Kementerian Pendidikan Dasar dan Menengah menerbitkan Surat Edaran Menteri Nomor 7 Tahun 2026 untuk menjamin tenaga pendidik non-Aparatur Sipil Negara tetap dapat menjalankan tugas mengajar di sekolah negeri pada Selasa (5/5/2026). Langkah ini diambil sebagai respons atas amanat Undang-Undang Nomor 20 Tahun 2023 tentang Aparatur Sipil Negara.
Kebijakan tersebut bertujuan menjaga stabilitas layanan pendidikan nasional sekaligus memberikan kepastian hukum bagi tenaga pendidik yang belum berstatus ASN. Pemerintah menegaskan bahwa penataan pegawai dilakukan secara bertahap agar tidak mengganggu proses belajar mengajar di lapangan.

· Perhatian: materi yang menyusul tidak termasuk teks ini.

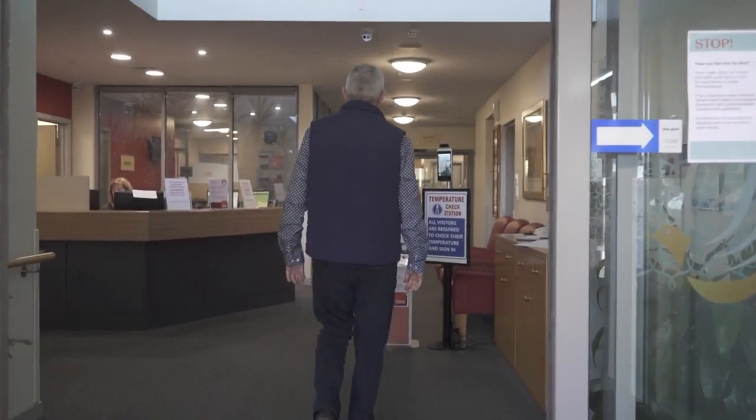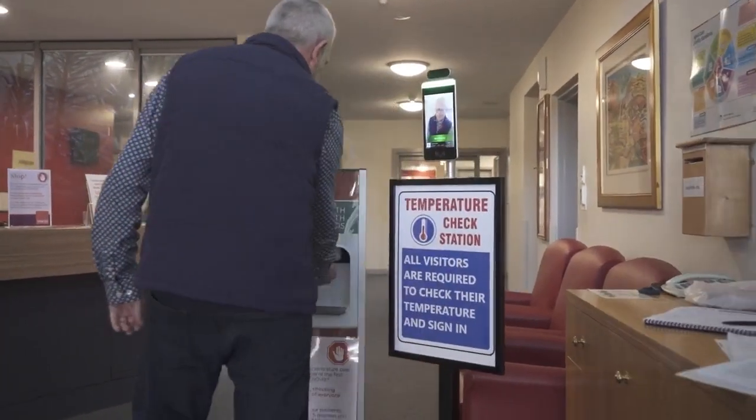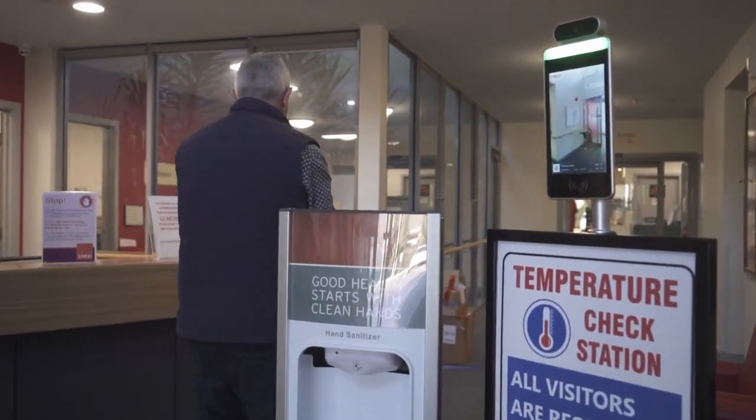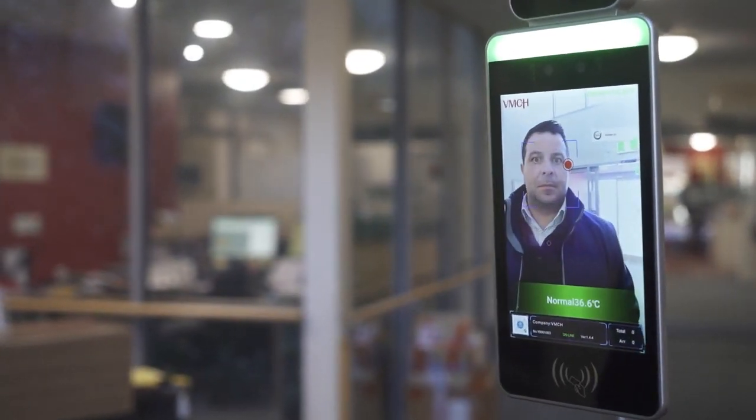I'm proud to introduce ACCESS's latest innovation, our temperature check station. Built with IR technology and a binocular high-definition lens camera, we combine artificial intelligence to deliver accurate readings within 99.7%. We guarantee when someone enters your facility or building, their temperature will be within 0.3 degrees of their true reading.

Menteri Pendidikan Dasar dan Menengah, Abdul Mu’ti, menjelaskan bahwa pembenahan tata kelola ini merupakan bagian dari reformasi pendidikan yang berkelanjutan. Hal ini dilakukan guna memastikan distribusi dan jumlah guru di masa depan dapat terpenuhi dengan akurat di setiap wilayah.
"Melalui pembenahan tata kelola yang lebih terencana, kebutuhan guru di masa depan dapat terpenuhi secara tepat jumlah dan tepat sasaran. Ini langkah penting untuk menciptakan ekosistem pendidikan yang stabil," ujar Abdul Mu’ti, Selasa (5/5/2026).
Selain memberikan kepastian tugas, pemerintah juga merancang skema transformasi status bagi guru non-ASN. Mereka diberikan kesempatan untuk mengikuti proses seleksi resmi guna mendapatkan jalur karier yang lebih jelas di bawah naungan pemerintah.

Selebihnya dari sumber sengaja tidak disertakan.